_Provided information_.
=== Section Start ===

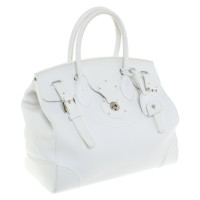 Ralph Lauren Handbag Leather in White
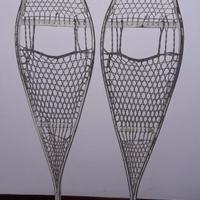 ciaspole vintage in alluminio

=== Section End ===
=== Section Start ===

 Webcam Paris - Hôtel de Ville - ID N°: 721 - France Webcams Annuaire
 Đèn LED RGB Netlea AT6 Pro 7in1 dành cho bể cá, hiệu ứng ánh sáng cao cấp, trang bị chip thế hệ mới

=== Section End ===

_Prompt_. Reproduce exactly the lines of the data above that run from the line with "Ralph Lauren Handbag Leather in White" down to the line with "ciaspole vintage in alluminio", both ends included. Pictures do not belong in the copy.

_Result for this exercise_.
 Ralph Lauren Handbag Leather in White
 ciaspole vintage in alluminio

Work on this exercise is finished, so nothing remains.